Saturday, April 7, 2012

Converting 45RPM Records to MP3 Format

We have a number of records, mostly 45 RPM singles. Some were bought for our Seeburg Jukebox  which holds 80 records. Some my wife owned and has kept since she was young.

I wanted to convert them to computer format. Earlier this year I looked at USB turntables and bought a Denon DP-200USB. It was an average priced unit, with some cheaper and some more expensive. It supports 33-1/3 and 45 RPM and 7 and 12 inch record sizes (both set independently, so you can play 33-1/3 RPM 7 inch records, for example).

A nice feature is that the turntable records directly to a USB key, so doesn't need a computer connection or any particular software to transfer records to MP3 format.

USB Turntable Converting 45s to MP3 Files
It came with some Windows-based software but I decided to do all my work under Linux, which is my normal desktop environment (usually Ubuntu Linux running the KDE desktop).

After converting the files to MP3 format, they need some editing on the computer. I used the Audacity program to do this. Typically what is needed is to remove any extra silence at the beginning and end of the recording. A few records, such as children's stories, may continue the same material on both sides, and for these it is ideal to combine both sides into a single MP3 file.

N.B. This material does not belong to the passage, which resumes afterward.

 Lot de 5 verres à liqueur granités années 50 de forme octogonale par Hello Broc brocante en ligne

Here are screen shots of Audacity before and after editing a track to remove extra silence.

Editing Raw MP3 File with Audacity

After Removing Extra Silence

There are effects in Audacity that can be used to change the sound, but I didn't use any of them. If a record skips it is even possible to edit it out, but it is a little tedious. The most useful effect would be a filter to remove pops and scratches but I haven't found an automated filter that is particularly good at this.

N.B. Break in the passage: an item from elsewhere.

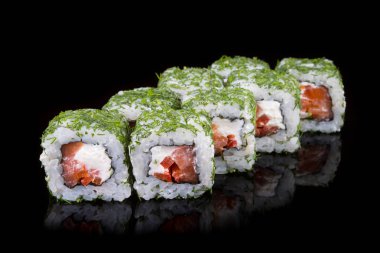 Siyah arka plan üzerine Japon rulo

The final step is to add MP3 tags to identify the song and artist. I tried the software that came with the turntable that can do this using the Gracenote service. I didn't have much luck with it, it was unable to identify most tracks, probably because their song database is mostly made from CD tracks and not 45s.

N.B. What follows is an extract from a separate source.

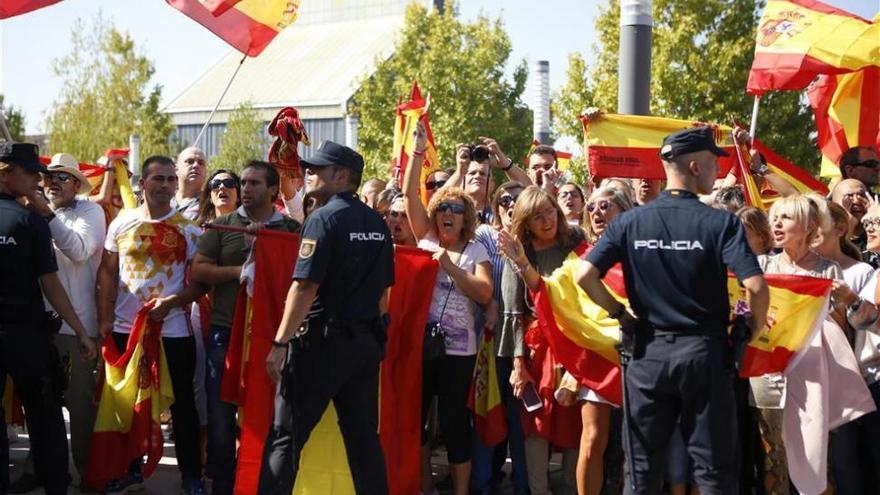 La Delegación de Gobierno defiende la acción policial proporcionada en el acto de Podemos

I ended up adding the tags manually from within the Amarok music player. The TrackID program on my Android cell phone was able to identify most tracks, along with the odd Google search using some of the song lyrics.

Audacity MP3 Tags Dialog

I copied just over 200 45 RPM records, mostly just the A sides. I have a total of just over 2000 tracks in my music collection, all of which came from records or CDs that I own. What is amazing is that these can all be easily stored on one tiny 16GB USB key, below:

A Tiny USB Key

I typically have this in my Car's music player, which can play MP3 files on a USB key.